I was able to find the boundary on $\rho$ visually, when it was constant bounds as in this question I had submitted earlier: Spherical coordinates and finding the boundaries for $\rho$.
I disagree with the answer posted, and believe the correct answer is indeed $2a\cos\phi$. Here is why. Let us view this region in the $x$-$z$ plane, and since it is symmetric about the $z$ axis, this is all we need to look at. Taking some line in some direction specified by $(\theta,\phi)$, how far does $\rho$ go? Below I have plotted what this looks like with $a=2$:
$\rho$ goes as far as the surface $x^2+y^2+(z-a)^2=a^2$, so we solve for this. $$\rho^2\sin^2\phi\cos^2\theta+\rho^2\sin^2\phi\sin^2\theta+(\rho\cos\phi-a)^2=a^2$$ $$\implies\rho^2\sin^2\phi+\rho^2\cos^2\phi-2a\rho\cos\phi=0$$ $$\implies\rho=2a\cos\phi$$
Also, we can check that this is correct. Take the angle $\pm\pi/4$. This is along one of the red lines in my plot.
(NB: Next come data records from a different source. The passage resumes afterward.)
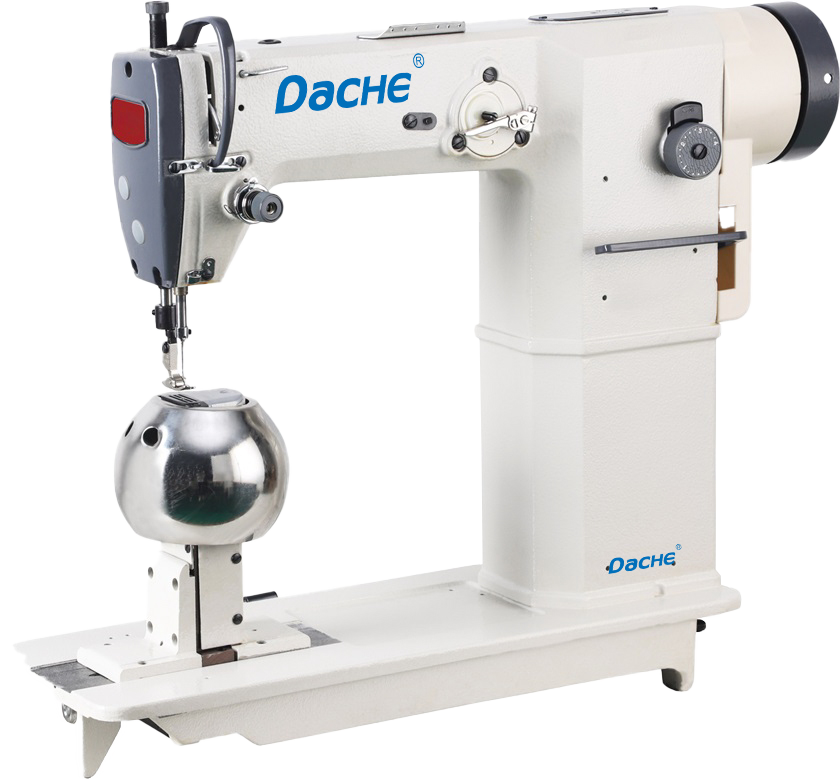 810S Post-bed Machine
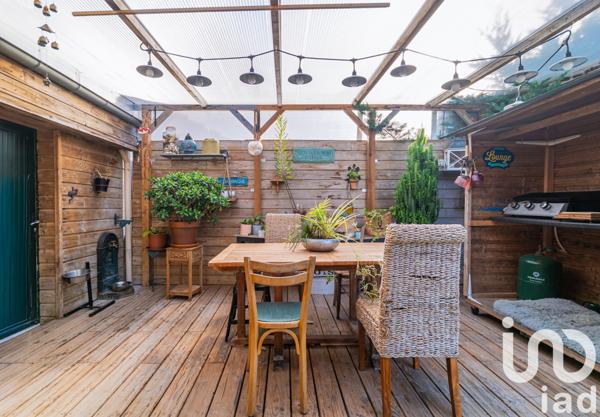 Maison à vendre 8 pièces 180 m² Le Mans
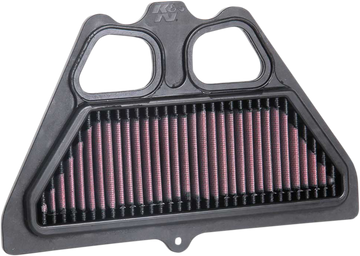 K & N OE Replacement High-Flow Air Filter - Kawasaki KA-9017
These lines go from $(0,0)$ to $(\pm a,a)$, and so have length $\sqrt{(\pm a)^2+a^2}=\sqrt2a$. Meanwhile using our formula, $2a\cos(\pi/4)=2a\times\frac1{\sqrt2}=\sqrt2a$ as well.
We can also check what happens when we take the angle $\phi=0$. In the image, this of course goes from $(0,0)$ to $(0,2a)$, which has length $2a$. This agrees with $2a\cos(0)=2a$. So our answer seems to be right.